4. The blockchain-based computer file storage system of claim 1, wherein: the block chain module comprises a reading unit, an encryption unit and an uplink unit; the reading unit is used for reading the address of the file hash unit; the encryption unit encrypts data by using an asymmetric encryption algorithm and sends the encrypted data to the uplink unit; and the uplink unit is used for acquiring data by using the block chain acquisition node so as to store the file characteristic value and the file access link.

5. The blockchain-based computer file storage system of claim 1, wherein: the file calling module comprises an identity authentication unit and a data extraction unit; the identity authentication unit is used for identifying identity information of company personnel and reducing the range of file extraction; and the data extraction unit is used for clicking the appeared link after the user inputs the keyword, thereby displaying the information content of the file.

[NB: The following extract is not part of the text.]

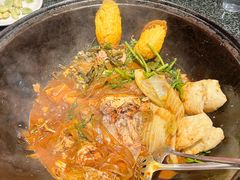 -老渔翁炖鱼坊(黄海西路东山店)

6. A block chain-based computer file storage method is characterized in that: the method comprises the following steps:

s2: storing all the collected user information and file data;

s4: reading the address and carrying out encryption and uplink transmission;

7. The method for storing the computer files based on the blockchain as claimed in claim 6, wherein the method comprises the following steps: in step S1: and verifying the identity information of the user through the work number, and judging whether the user is a company employee or not, wherein if the user is the company employee, the user can enter the system to upload the file, and otherwise, the user cannot enter the system.

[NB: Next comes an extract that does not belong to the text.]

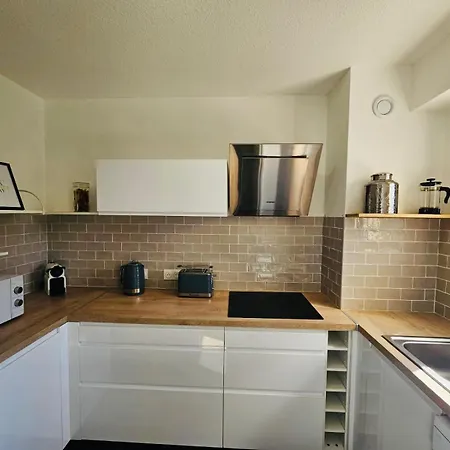 Apartment Le Week Riviera: Spacious 3-star In With Terrace And Garage *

8. The method for storing the computer files based on the blockchain as claimed in claim 6, wherein the method comprises the following steps: in step S3: in order to obtain the file feature value, the data is projected to a low-dimensional space by using an LDA model, and then keyword extraction is performed:

wherein, mu _j Represents the mean value of m data in the jth file data,

representing a covariance matrix of m data in the jth document data;

(2) Then, an optimization objective function J of the LDA model is calculated:

the uploaded files and the files with the same characteristics in the system are gathered by utilizing two classifications, and a divergence matrix in the classifications is defined as S _ω For representing the aggregation degree of data points in each file, and defining the inter-class divergence matrix as S _b For representing the dispersion degree of files of different types:

S _b ＝(μ ₀ -μ ₁ )(μ ₀ -μ ₁ ) ^T ；

in order to aggregate files of the same class, files of different classes are scattered, and an optimization objective function of an LDA model is defined:

by making omega ^T S _ω ω =1, the above formula can be maximized;

(3) Then, a projection line ω:

9. The blockchain-based computer file storage method of claim 8, wherein: in step S3: classifying all files according to the file characteristic values, classifying the same class files gathered together into one class, and further confirming the types and the departments to which the class files belong; and mapping the file characteristic value and the file access link corresponding to the file characteristic value to the data memory address by using a separation linking method.

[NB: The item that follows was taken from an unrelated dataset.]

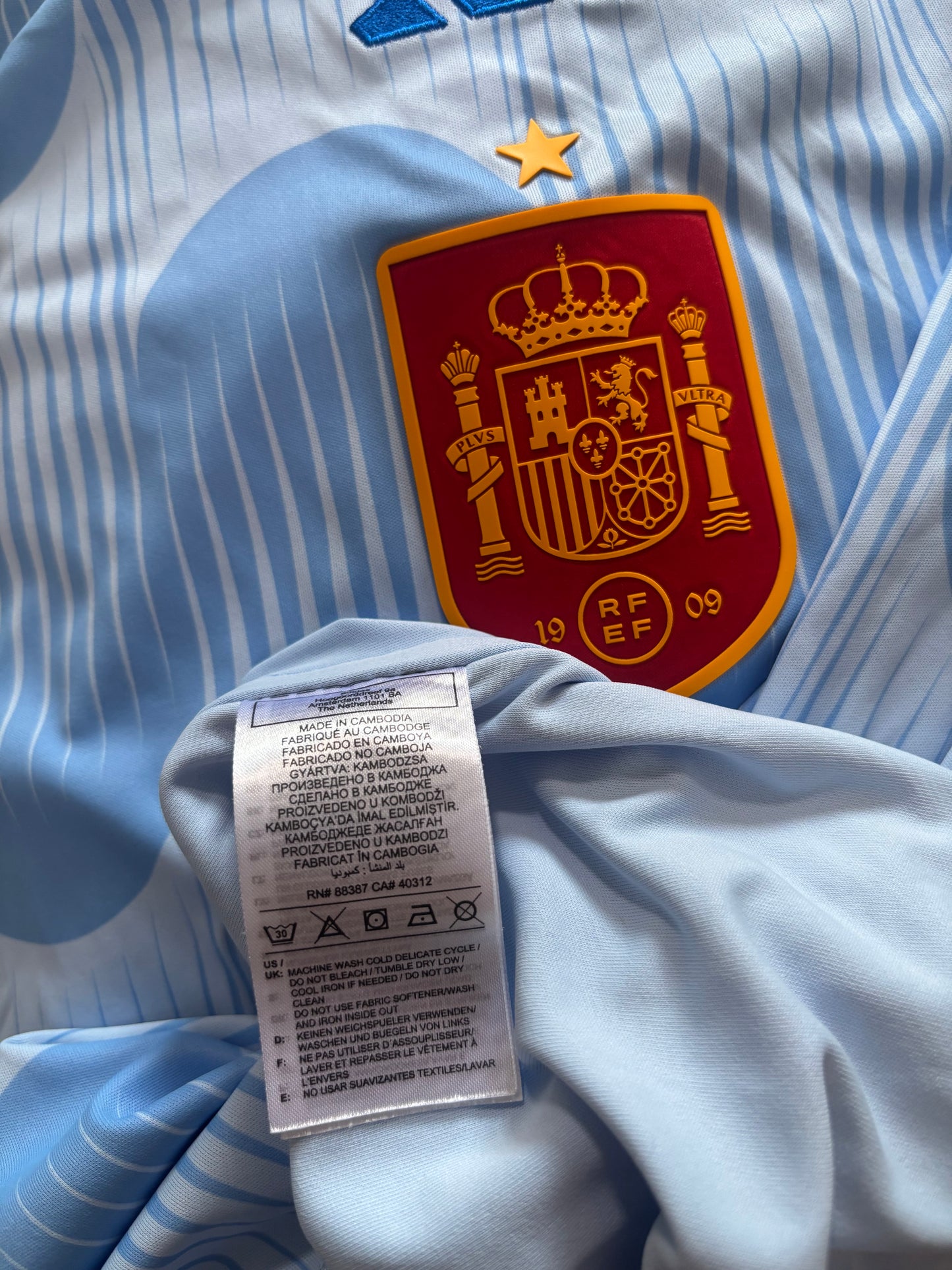 Spain Away Shirt 2022 (S)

10. The method for storing the computer files based on the blockchain as claimed in claim 6, wherein the method comprises the following steps: in step S5: identifying identity information of company personnel, and predicting files which are possibly extracted by a user according to the identity information of the company personnel, including names, affiliated departments and extraction records after the identity information passes verification, so that the range of the files is narrowed; the system identifies the key words input by the user, finds the characteristic values of the files, generates file access links, and clicks the links by the user, so that the information content of the files is displayed.